Your instructions: Return every entry exactly, except for any pictures.

Source data section start

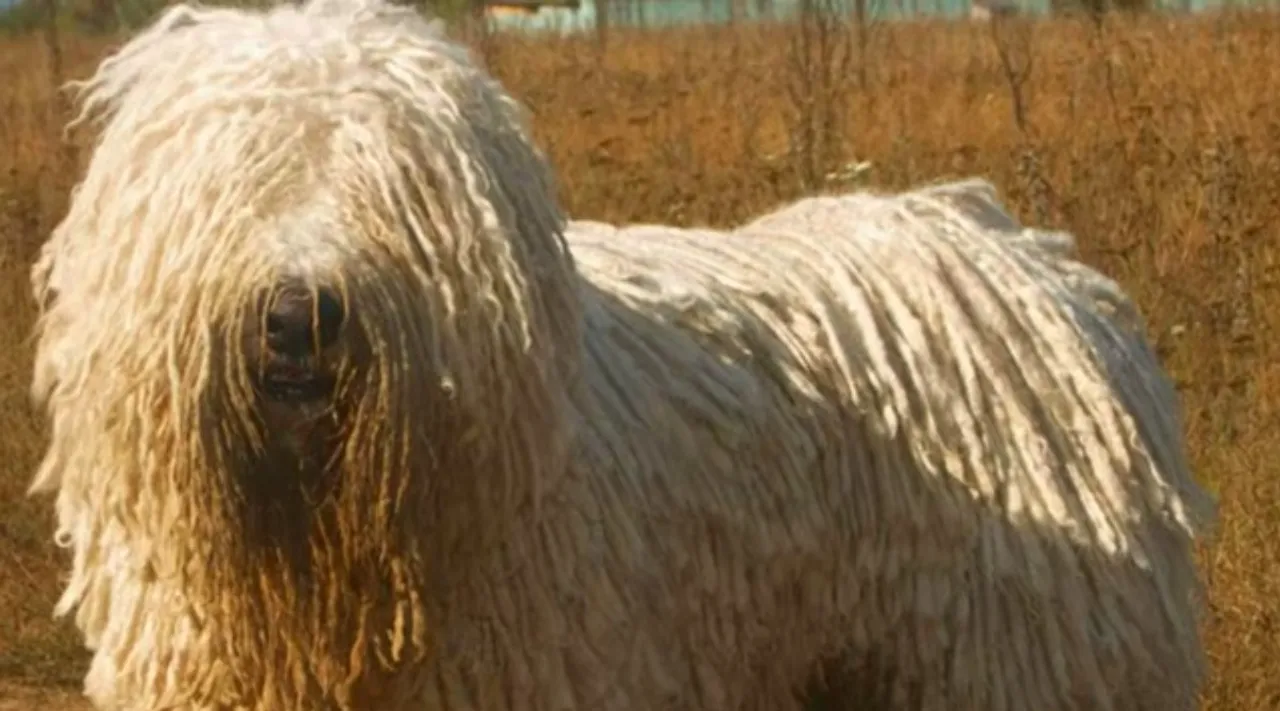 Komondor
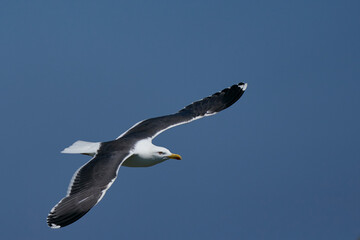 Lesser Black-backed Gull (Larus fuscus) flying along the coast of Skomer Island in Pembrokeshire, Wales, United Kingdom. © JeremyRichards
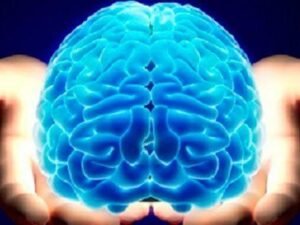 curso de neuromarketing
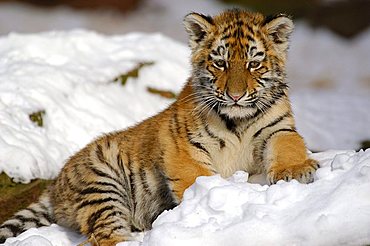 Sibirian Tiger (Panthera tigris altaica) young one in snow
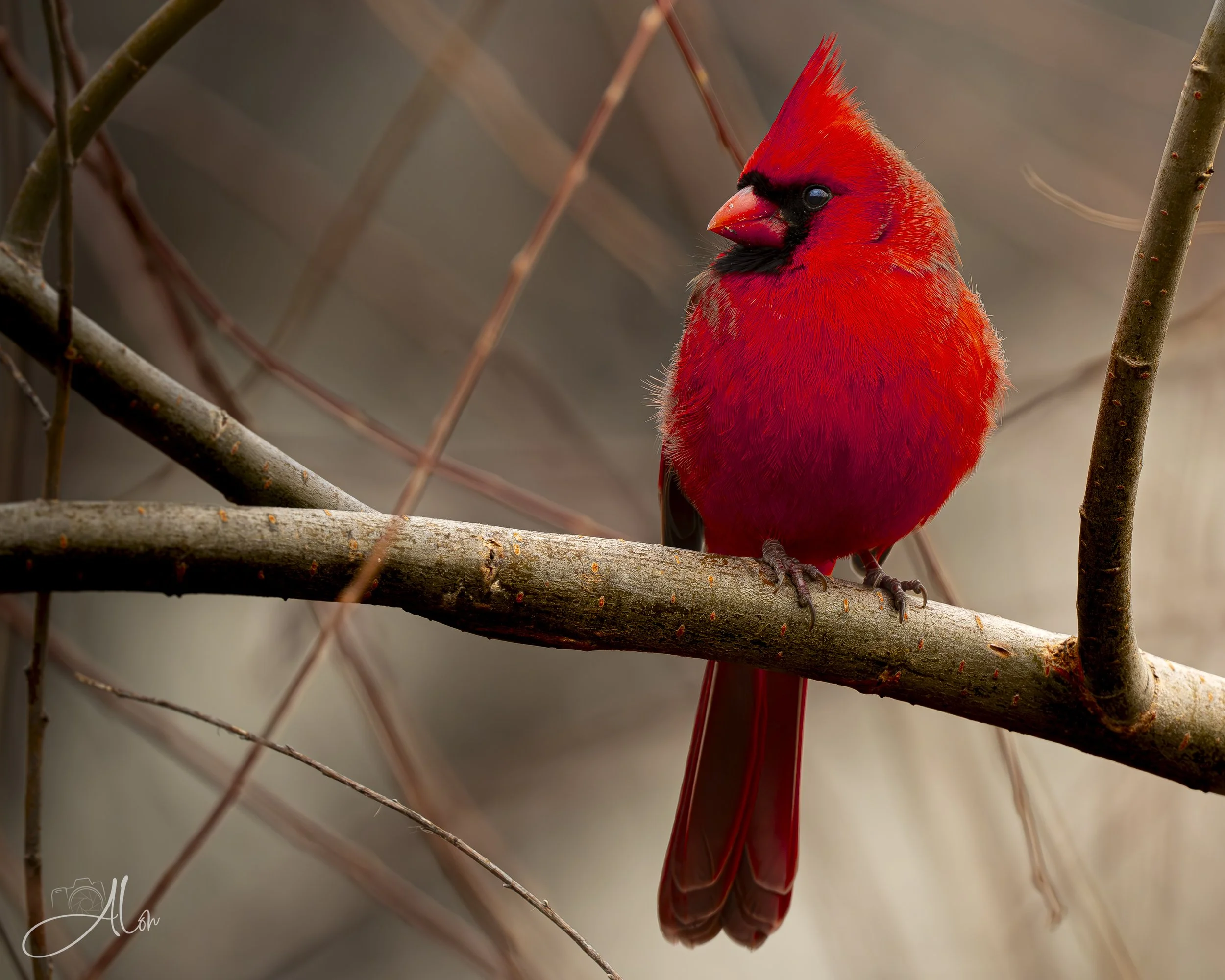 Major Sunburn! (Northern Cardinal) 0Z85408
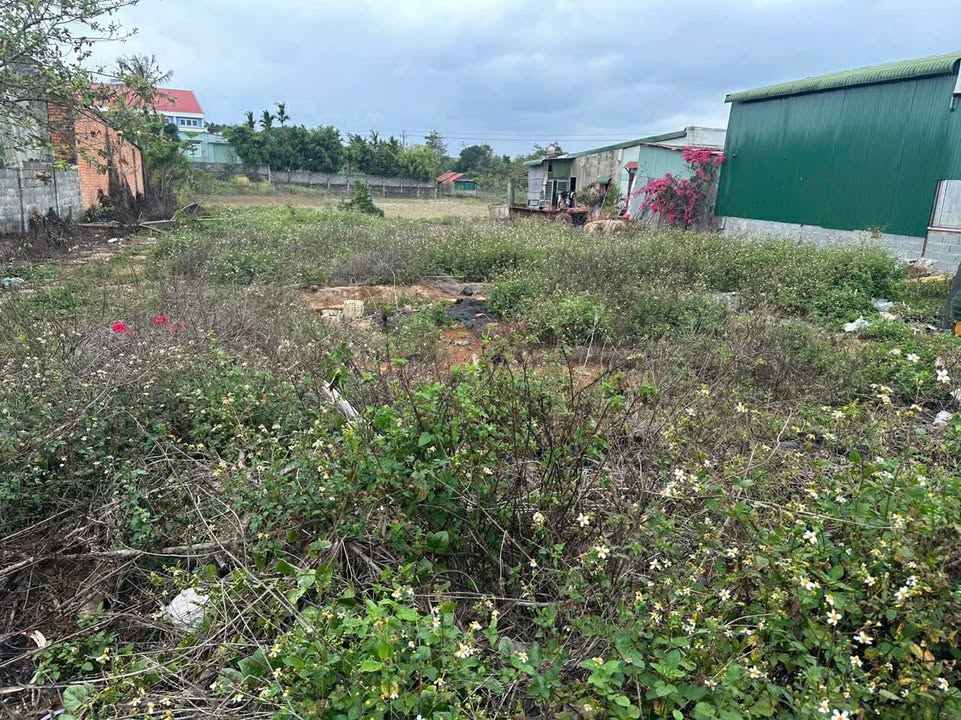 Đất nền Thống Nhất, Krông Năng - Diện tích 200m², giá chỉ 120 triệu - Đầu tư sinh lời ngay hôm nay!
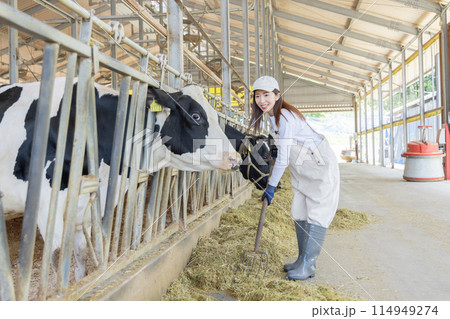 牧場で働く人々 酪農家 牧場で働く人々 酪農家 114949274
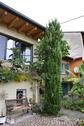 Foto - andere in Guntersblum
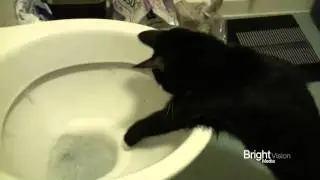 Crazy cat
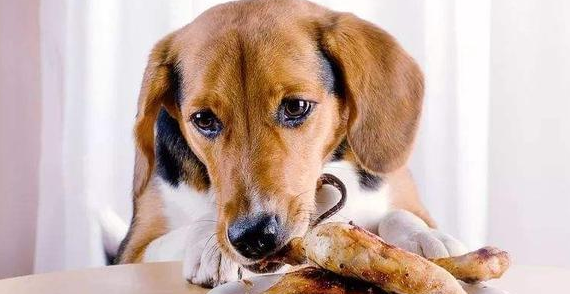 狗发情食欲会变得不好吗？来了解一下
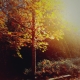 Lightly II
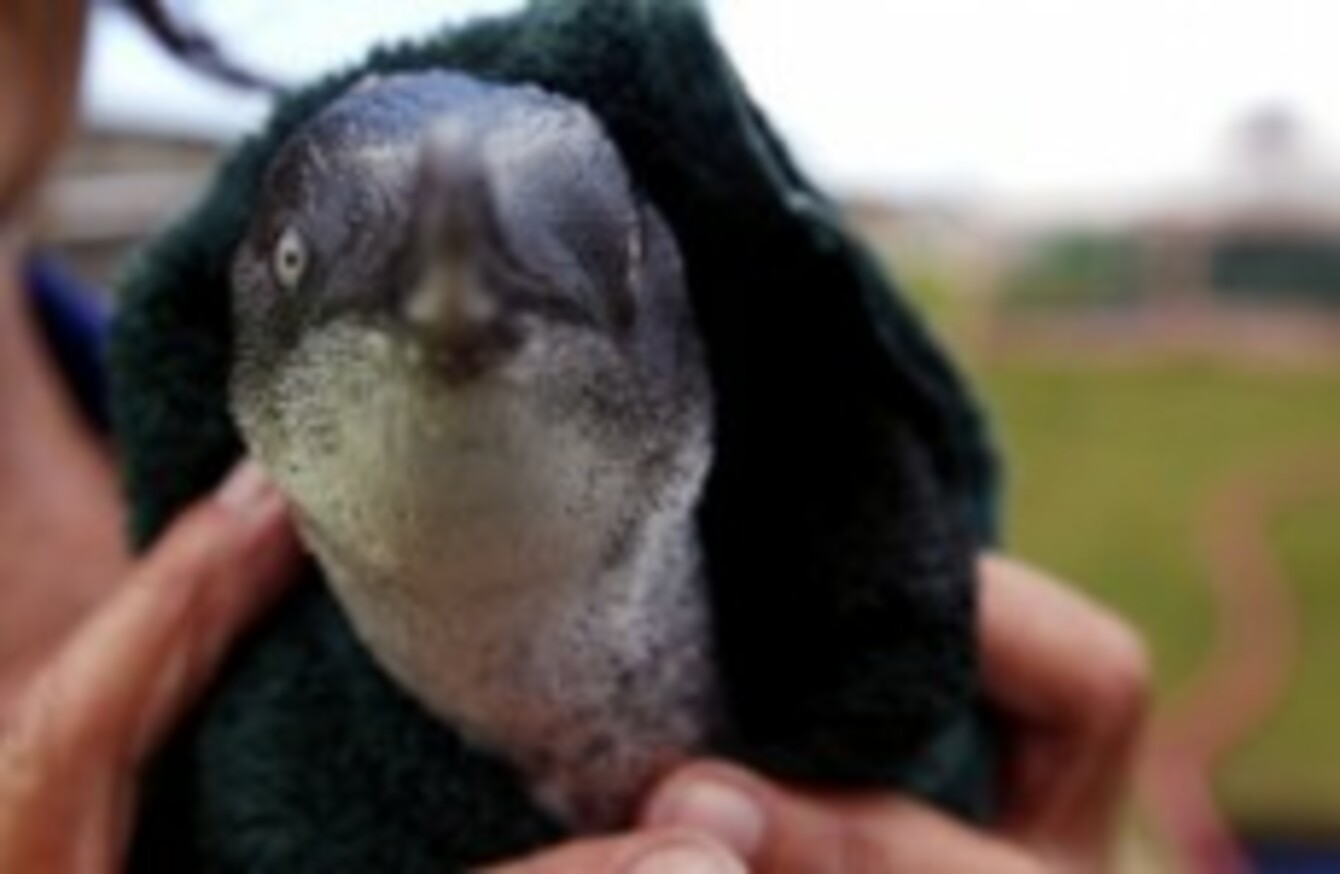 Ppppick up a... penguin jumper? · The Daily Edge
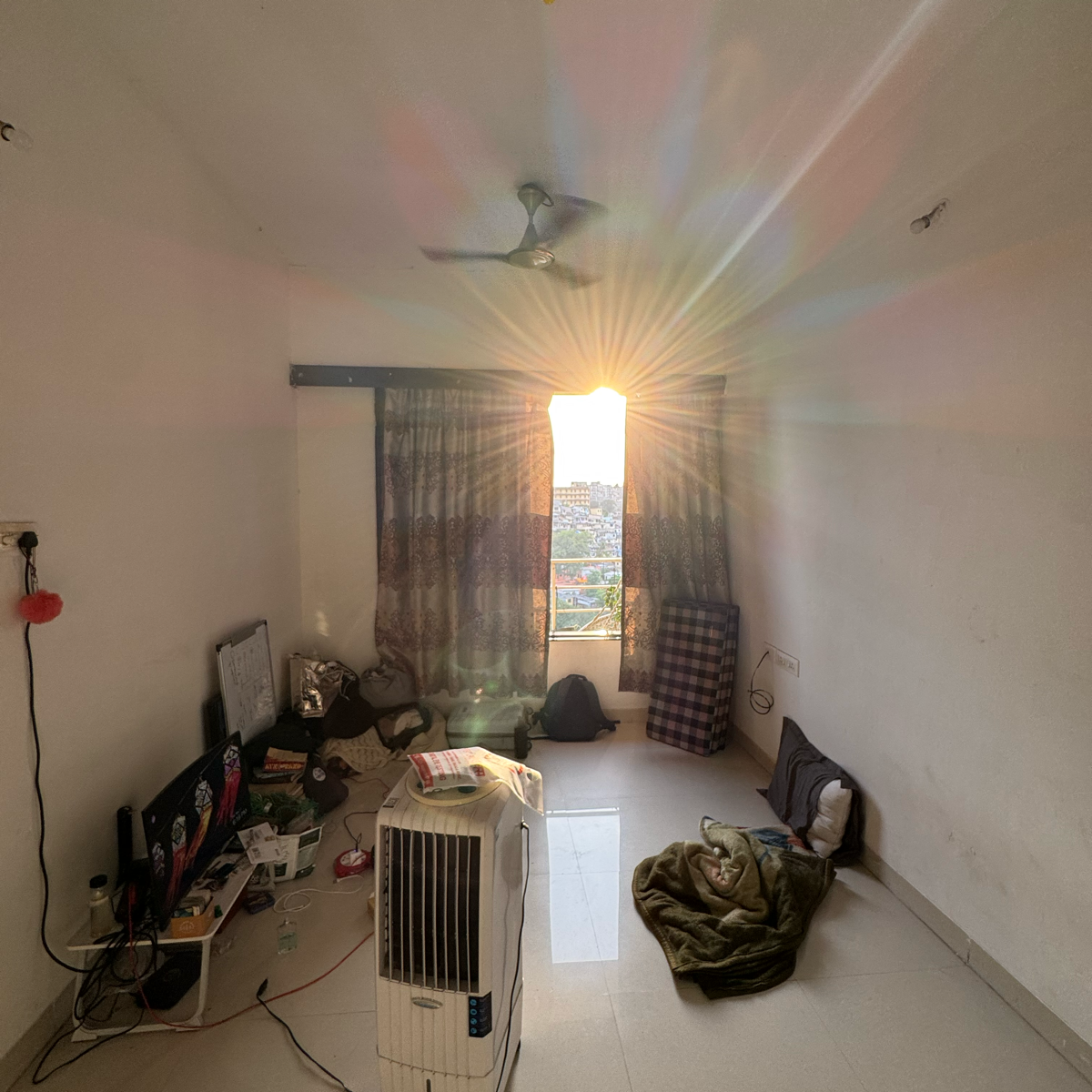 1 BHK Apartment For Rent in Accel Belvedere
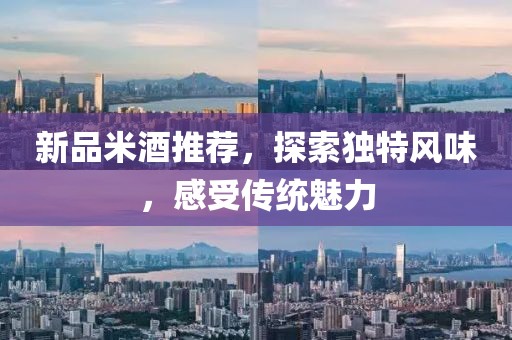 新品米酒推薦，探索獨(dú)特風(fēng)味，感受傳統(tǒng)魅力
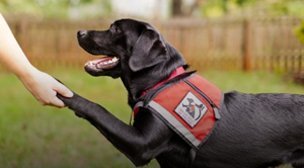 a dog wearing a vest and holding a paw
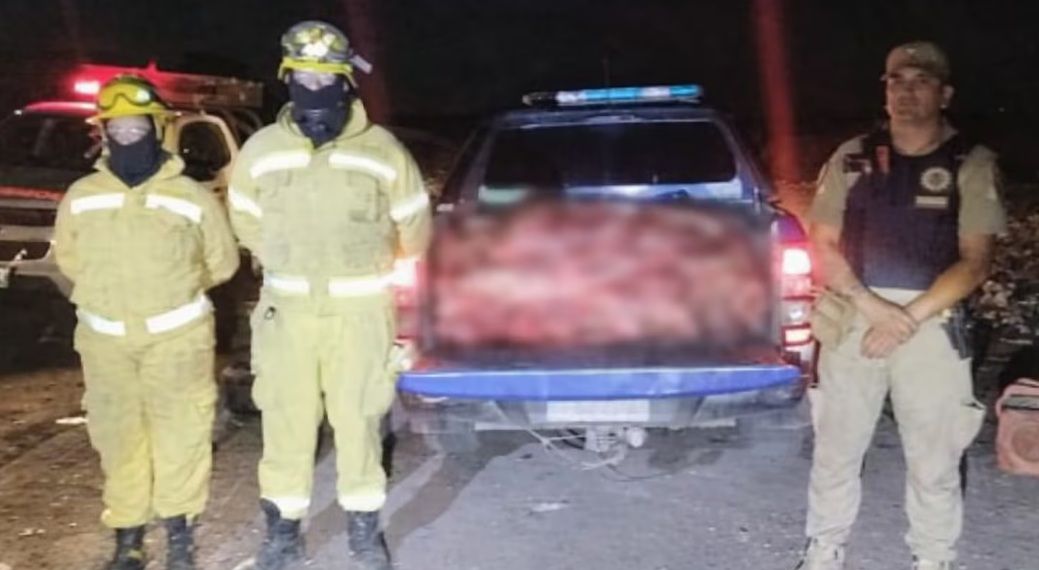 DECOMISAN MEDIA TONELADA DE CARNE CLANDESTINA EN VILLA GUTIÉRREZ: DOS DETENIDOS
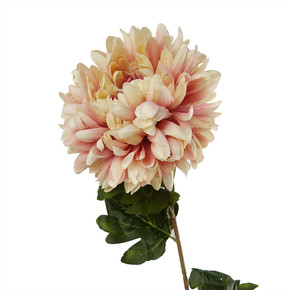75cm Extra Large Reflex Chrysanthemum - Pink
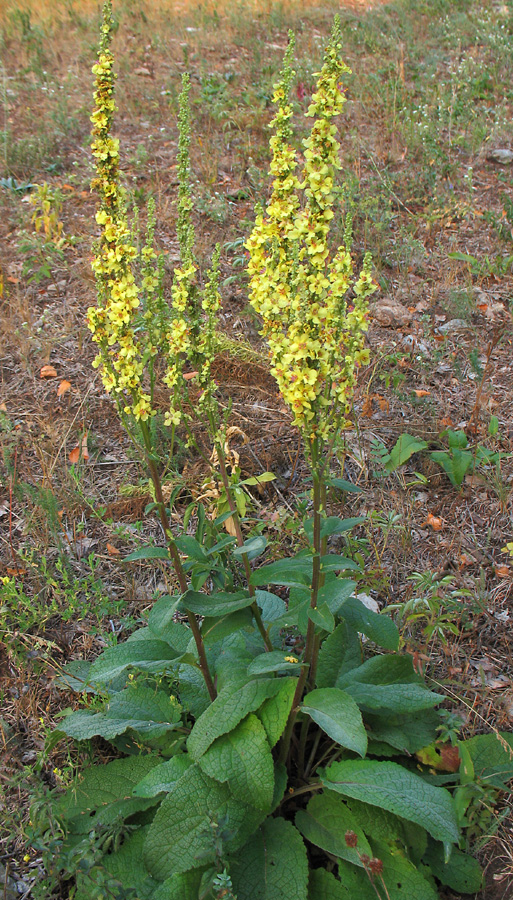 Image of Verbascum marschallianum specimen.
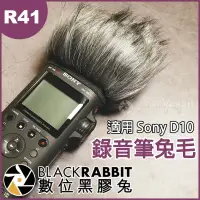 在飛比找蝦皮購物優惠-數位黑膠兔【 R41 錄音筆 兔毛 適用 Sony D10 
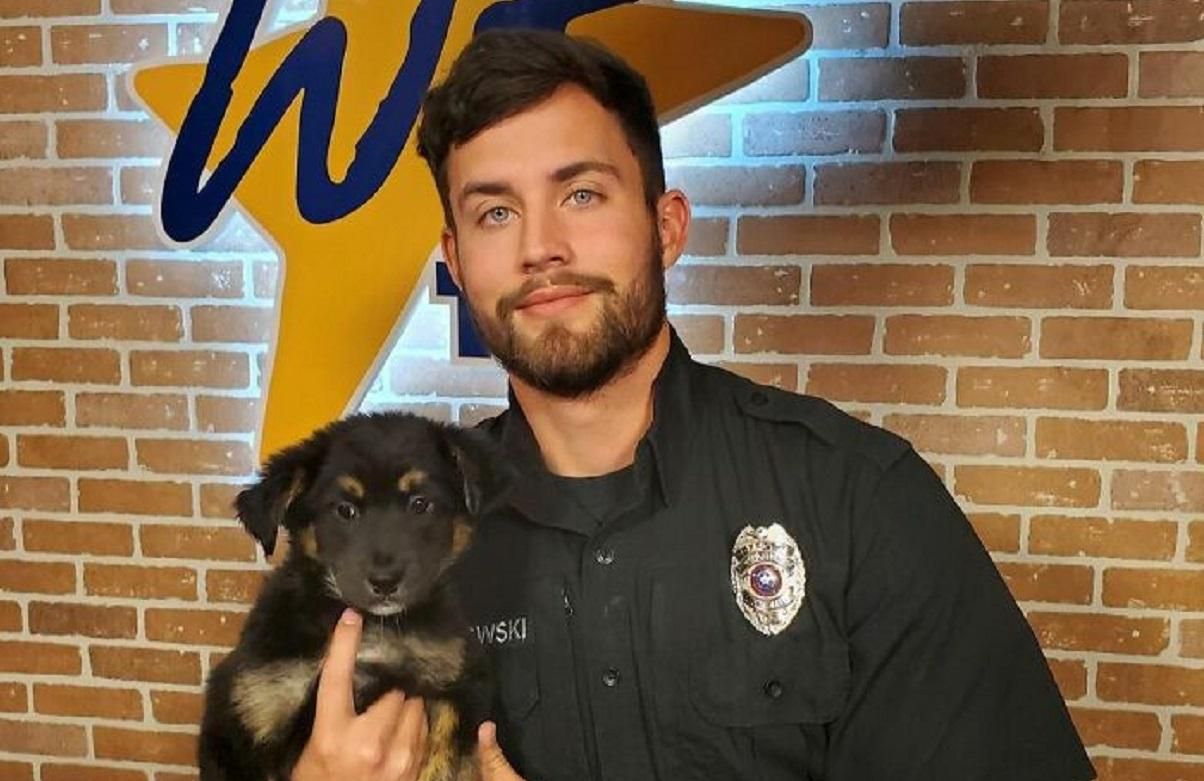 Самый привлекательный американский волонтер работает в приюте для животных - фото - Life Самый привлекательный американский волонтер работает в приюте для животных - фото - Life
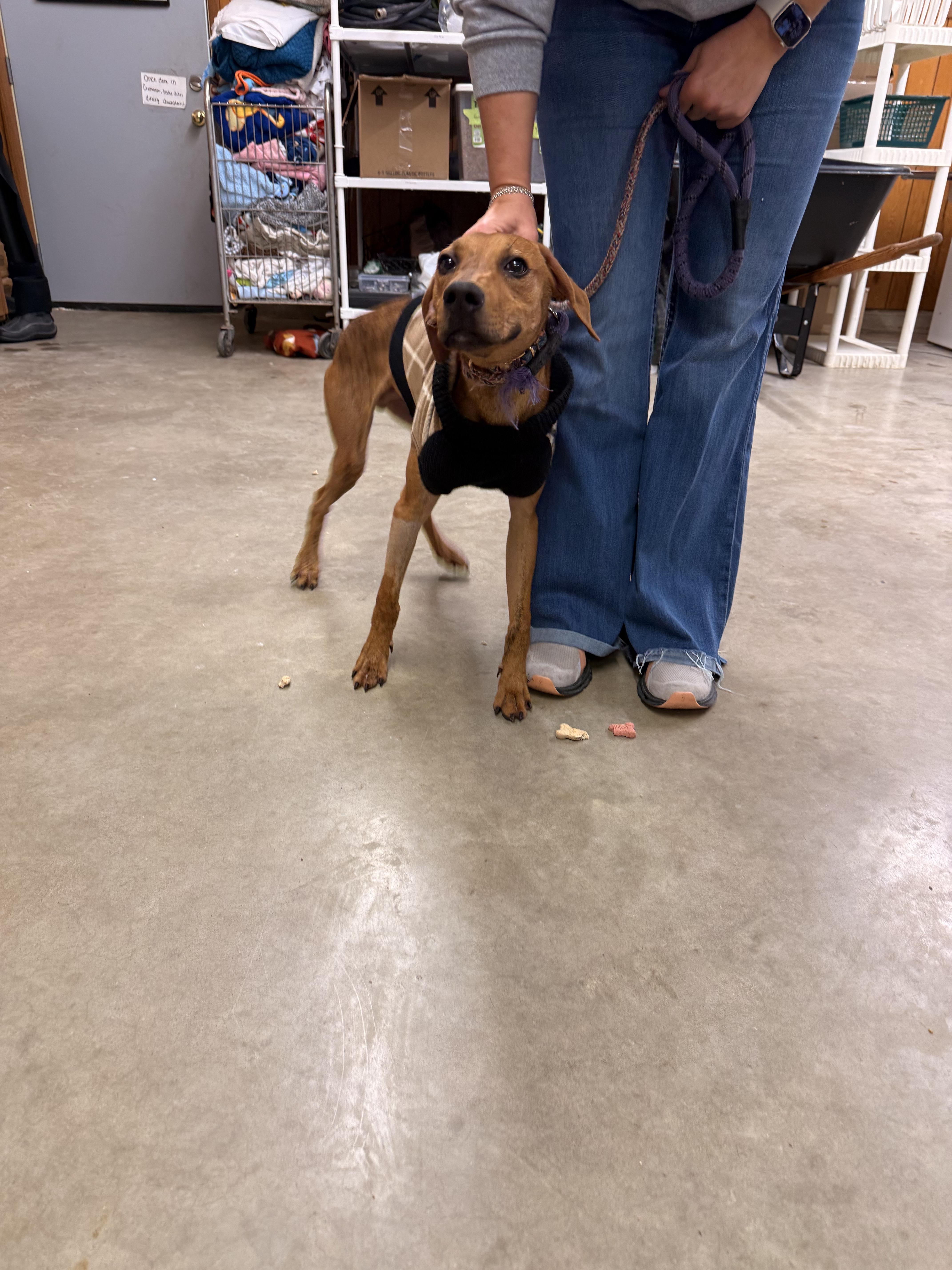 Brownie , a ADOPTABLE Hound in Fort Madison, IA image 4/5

Source data section end

Written answer:
 Komondor
 Lesser Black-backed Gull (Larus fuscus) flying along the coast of Skomer Island in Pembrokeshire, Wales, United Kingdom. © JeremyRichards
 curso de neuromarketing
 Sibirian Tiger (Panthera tigris altaica) young one in snow
 Major Sunburn! (Northern Cardinal) 0Z85408
 Đất nền Thống Nhất, Krông Năng - Diện tích 200m², giá chỉ 120 triệu - Đầu tư sinh lời ngay hôm nay!
 牧場で働く人々 酪農家 牧場で働く人々 酪農家 114949274
 Foto - andere in Guntersblum
 Crazy cat
 狗发情食欲会变得不好吗？来了解一下
 Lightly II
 Ppppick up a... penguin jumper? · The Daily Edge
 1 BHK Apartment For Rent in Accel Belvedere
 新品米酒推薦，探索獨(dú)特風(fēng)味，感受傳統(tǒng)魅力
 a dog wearing a vest and holding a paw
 DECOMISAN MEDIA TONELADA DE CARNE CLANDESTINA EN VILLA GUTIÉRREZ: DOS DETENIDOS
75cm Extra Large Reflex Chrysanthemum - Pink
 Image of Verbascum marschallianum specimen.
 在飛比找蝦皮購物優惠-數位黑膠兔【 R41 錄音筆 兔毛 適用 Sony D10 
 Самый привлекательный американский волонтер работает в приюте для животных - фото - Life Самый привлекательный американский волонтер работает в приюте для животных - фото - Life
 Brownie , a ADOPTABLE Hound in Fort Madison, IA image 4/5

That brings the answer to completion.